▸ **Work to be completed**
First find the line with "Saint Laurent Calfskin" in the entries below, then set down exactly every line through the line with "能见度床垫1.8米x2米 天然椰棕床垫子棕垫硬棕榈婴儿童榻米专用定制定做 护腰护脊10CM厚(婴儿棉面料+黄麻双金棕)", that line included.

▸ **Extracted records**
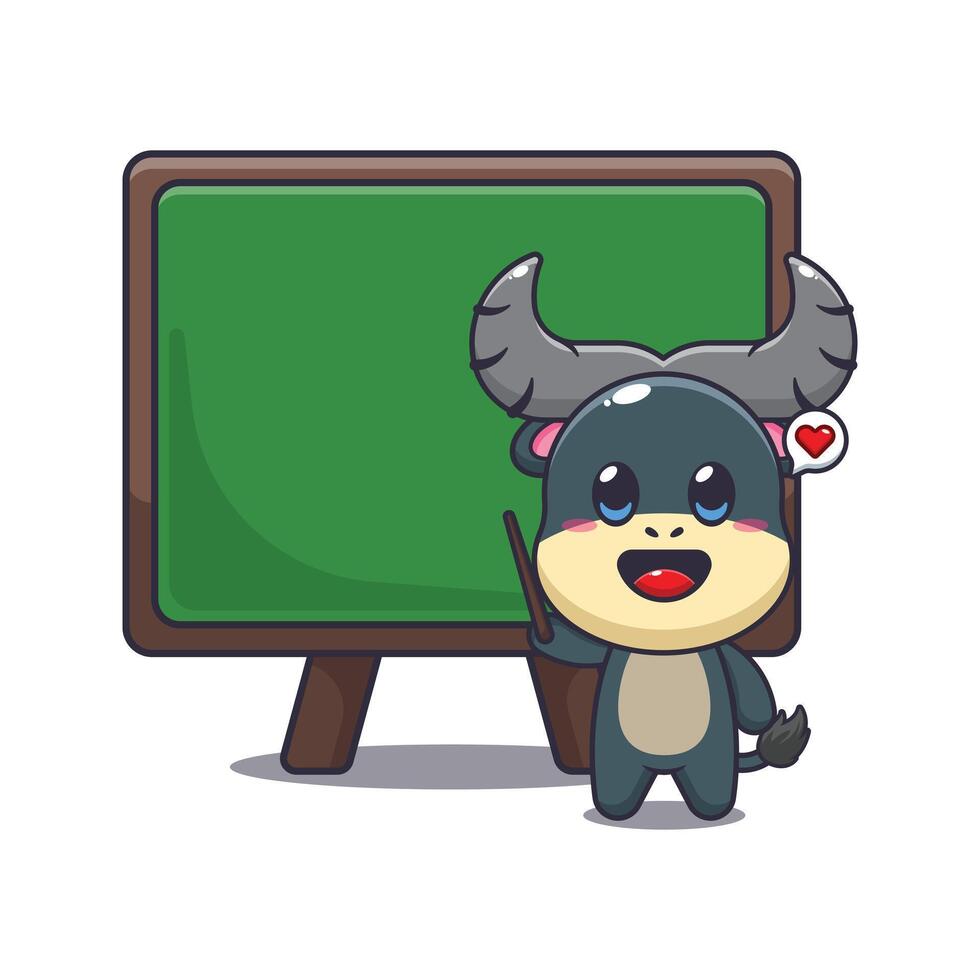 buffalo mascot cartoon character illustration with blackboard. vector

...

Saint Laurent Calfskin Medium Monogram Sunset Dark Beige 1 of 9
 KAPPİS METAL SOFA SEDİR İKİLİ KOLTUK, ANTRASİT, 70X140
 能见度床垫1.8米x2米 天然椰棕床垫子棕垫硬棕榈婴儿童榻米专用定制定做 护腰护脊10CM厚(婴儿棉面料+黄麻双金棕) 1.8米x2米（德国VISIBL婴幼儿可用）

▸ **Completed task**
Saint Laurent Calfskin Medium Monogram Sunset Dark Beige 1 of 9
 KAPPİS METAL SOFA SEDİR İKİLİ KOLTUK, ANTRASİT, 70X140
 能见度床垫1.8米x2米 天然椰棕床垫子棕垫硬棕榈婴儿童榻米专用定制定做 护腰护脊10CM厚(婴儿棉面料+黄麻双金棕) 1.8米x2米（德国VISIBL婴幼儿可用）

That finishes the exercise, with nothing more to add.